Then I saw an angel coming down from heaven, holding in his hand the key to the bottomless pit and a great chain.—Revelation 20:1

Reflections

When the Bible addresses the final events of time, not every detail is clear, but what is clear is that God reigns over all and that every person will stand in judgment before Him. 

Zechariah shows us that God is the One raising up leaders, even evil ones. He is the One who is also judging them and putting them down. God doesn’t merely permit some wicked to gain power. He actually controls their ascendance and uses it for His purposes, in some cases to discipline His own people. In the end, He brings judgment on these ungodly powers.

In Revelation 20, the key and the book depict God’s control of the cosmos. The key, entrusted to an angel, opens the bottomless pit where the Lord holds Satan confined and impotent. Although he is completely wicked, he is not in control, not even of his own actions and destiny. We also see a book of life with the names of those chosen to live and not suffer the lake of fire.

Think about it

We can have only one of two possible responses to these passages: belief or unbelief.  For believers in the Triune God, there is great reassurance that, for us, all will be well.

Unbelievers may dismiss the assertions with ridicule or ponder with terror the possibility that they may be true. Without a Holy God who rules absolutely over all things and Who will judge us in the end, the universe is out of control and life is meaningless. This alternative is unacceptable. 

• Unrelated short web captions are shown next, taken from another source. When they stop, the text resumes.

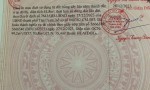 ĐẤT ĐẸP - GIÁ TỐT - CHÍNH CHỦ CẦN BÁN NHANH LÔ ĐẤT Tân Vĩnh Hiệp, Tân Uyên, Bình Dương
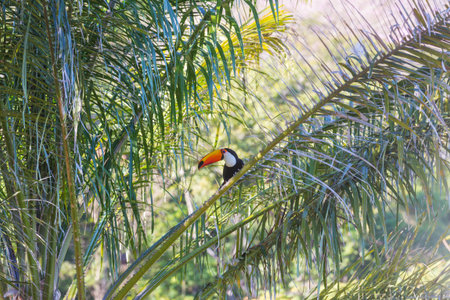 Tucan in the tropical forest in Brazilの写真素材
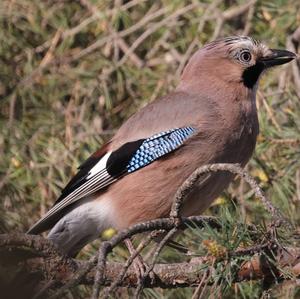 Eurasian Jay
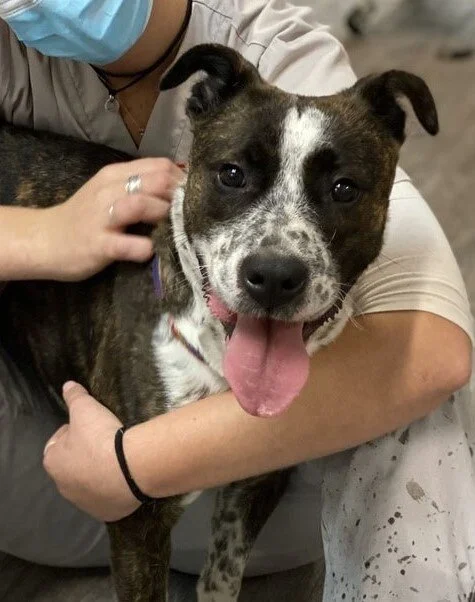 Heeler x deals staffy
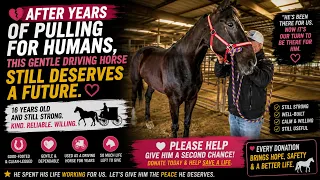 💔 After Years of Pulling for Humans, This Gentle Driving Horse Still Deserves a Future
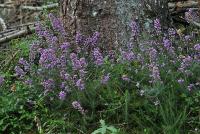 Erica cinerea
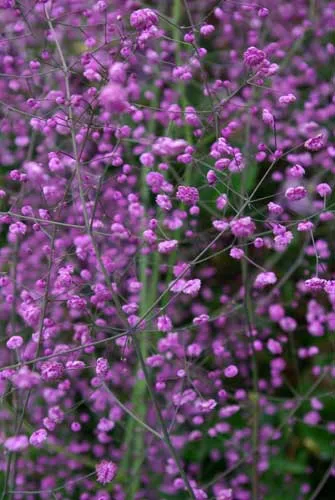 Thalictrum delavayi - Meadow Rue - for cottage garden planting plan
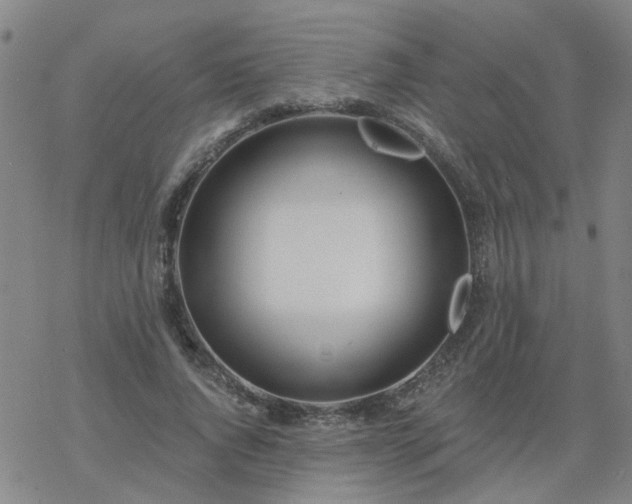 X0000069360736200605192057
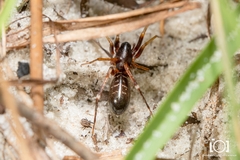 Castianeira gertschi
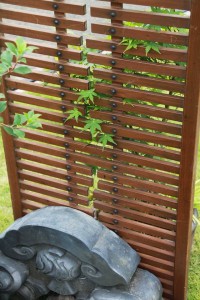 13288811_1009740449104021_1425960291_n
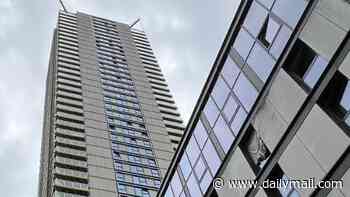 Revealed: Family of three who plunged 400ft from 36th floor of a London tower block to their deaths were wealthy - and lived in luxury apartment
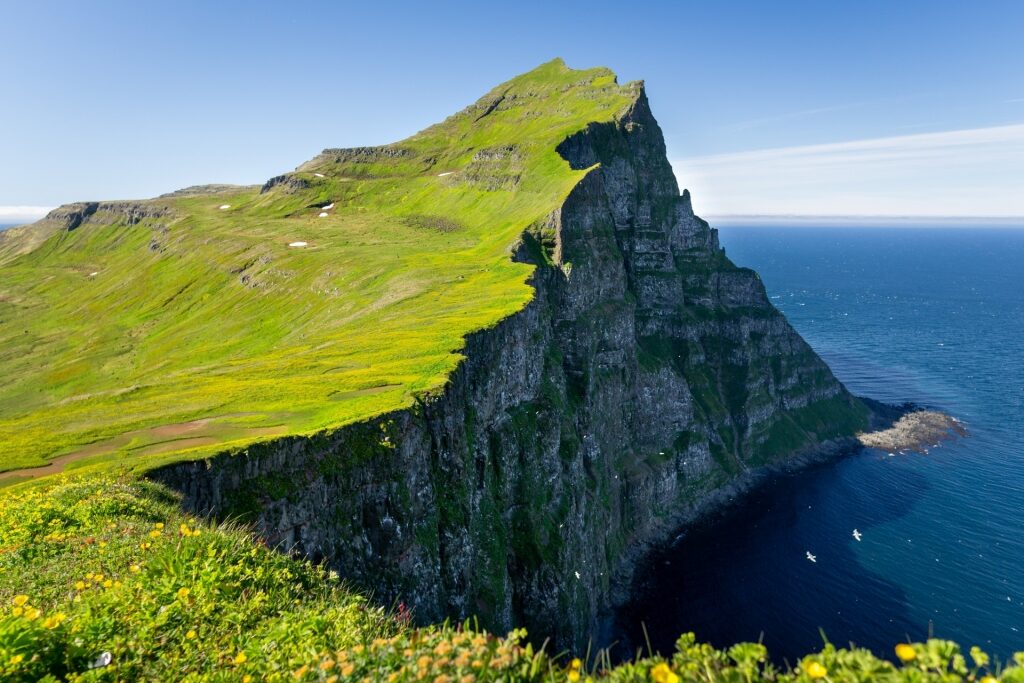 Cliffside view of Hornstrandir Nature Reserve, Iceland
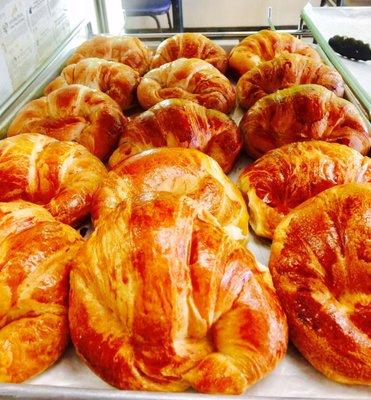 Fresh Croissants every morning!!! Flaky and delicious!!!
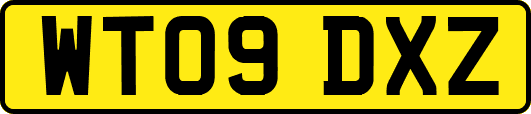 WT09DXZ
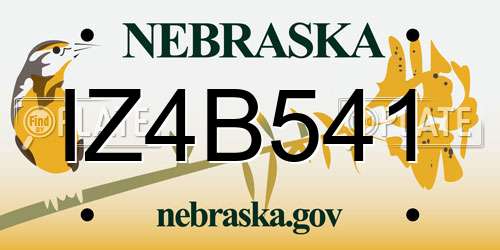 IZ4B541 Nebraska License Plate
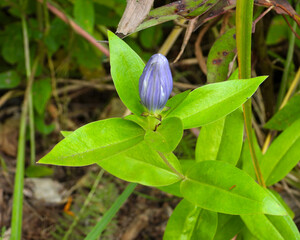 Gentiana andrewsii (Bottle Gentian) Native North American Prairie Wildflower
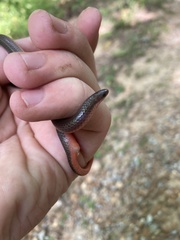 Carphophis amoenus helenae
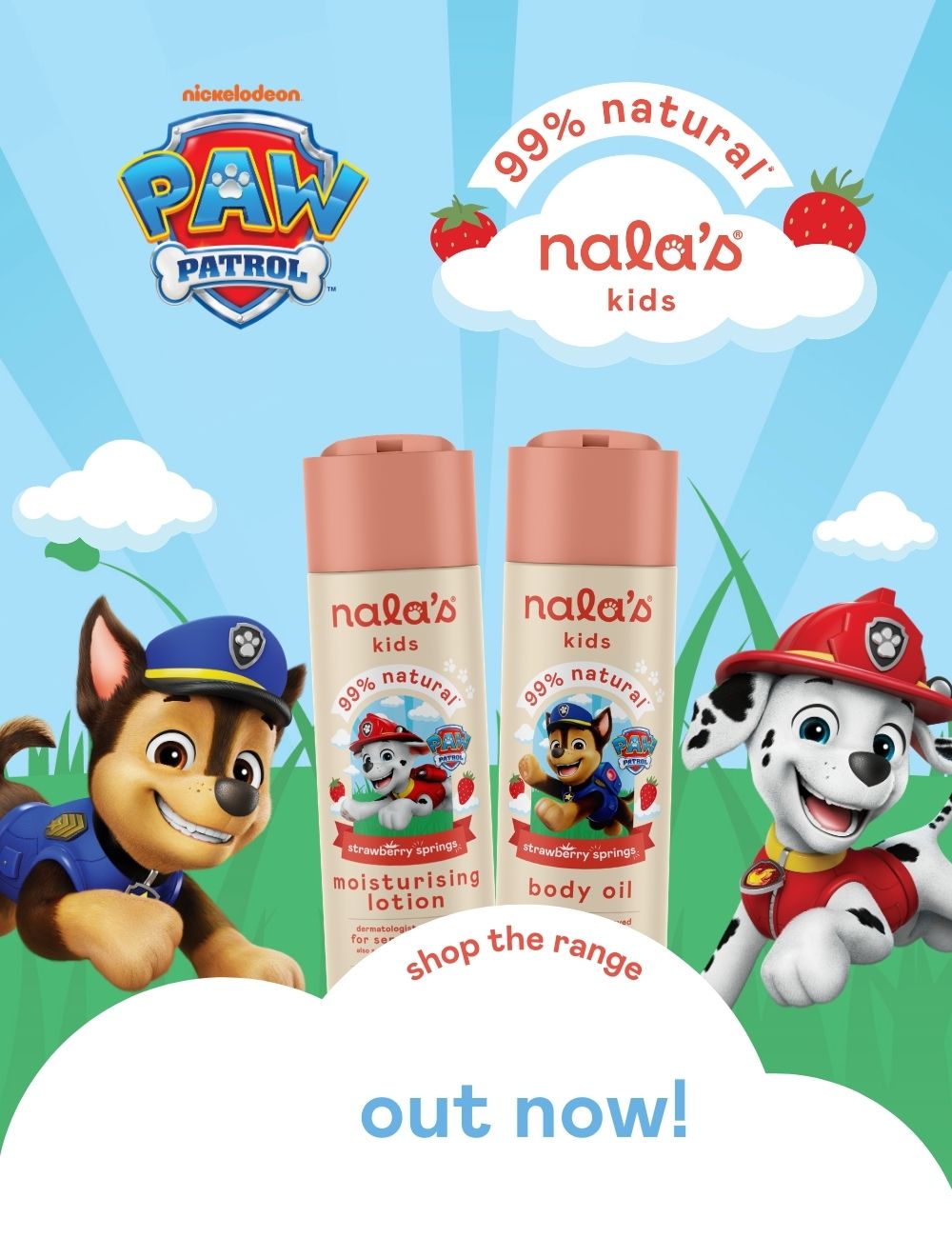 4 NEW products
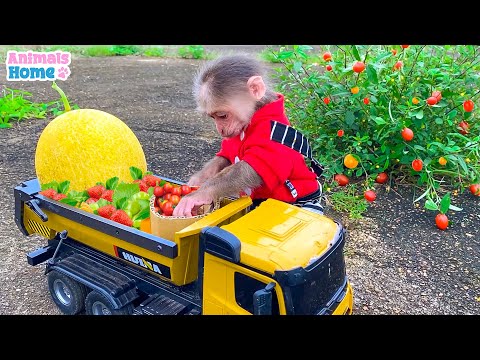 Farmer BiBi drive truck to harvest fruits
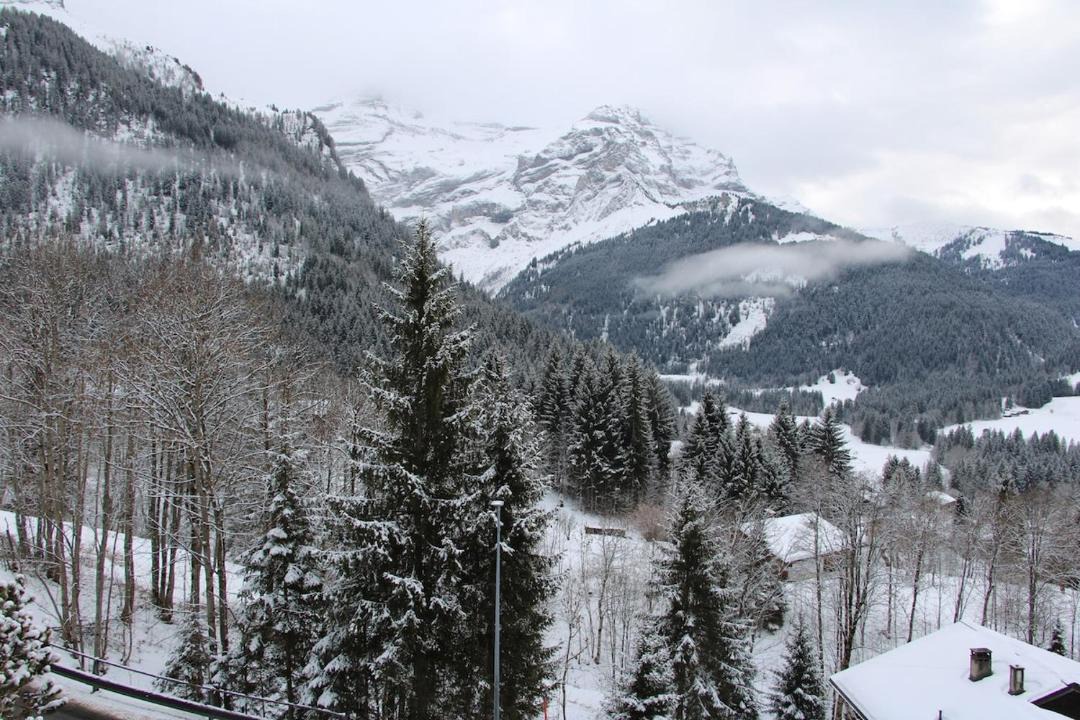Photo of Others in Ormont-Dessus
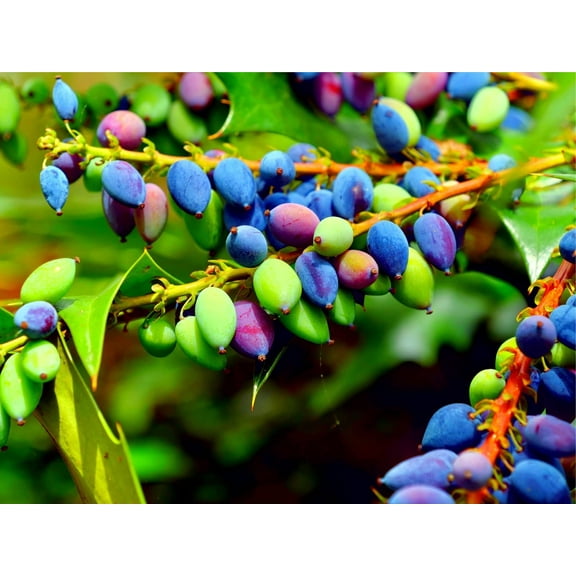 20 Oregon Grape Seeds for Planting - Stunning Ornamental Fruit Bearing Plant - Berberis bealei, Barberry, Leatherleaf Mahonia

But praise God! He reigns in sovereignty and wisdom. He holds the key and the book. Let us believe Him. 

The Bride’s Dress

At weddings, guests wait and wonder. “What will the bride wear?”  Here we see a special bride before the ceremony. Her dress will amaze you.

Today’s Reading

Zechariah 7-9; Revelation 19

Selected Verses

Say to all the people of the land and the priests, “When you fasted and mourned in the fifth month and in the seventh, for these seventy years, was it for me that you fasted?  And when you eat and when you drink, do you not eat for yourselves and drink for yourselves?”— Zechariah 7:5-6

Then I heard what seemed to be the voice of a great multitude, like the roar of many waters and like the sound of mighty peals of thunder, crying out,

“Hallelujah!
For the Lord our God the Almighty reigns.
Let us rejoice and exult
and give him the glory,
for the marriage of the Lamb has come,
and his Bride has made herself ready;
 it was granted her to clothe herself
with fine linen, bright and pure”—

for the fine linen is the righteous deeds of the saints.—Revelation 19:6-8

Reflections

Zechariah was sent to confront Judah about her unacceptable service to God.  Oh, she had fasted and mourned.  She had put on an outward show of brokenness and repentance, but the Lord saw through the phoniness and hypocrisy.  True service to God is performed with fear of Him, not some kind of self-serving motivation  It is done by “small and great” since no one is exempt from responsibility before Him (Revelation 19:4). It is futile to attempt to perform outward acts of service to God that are not matched by inward piety.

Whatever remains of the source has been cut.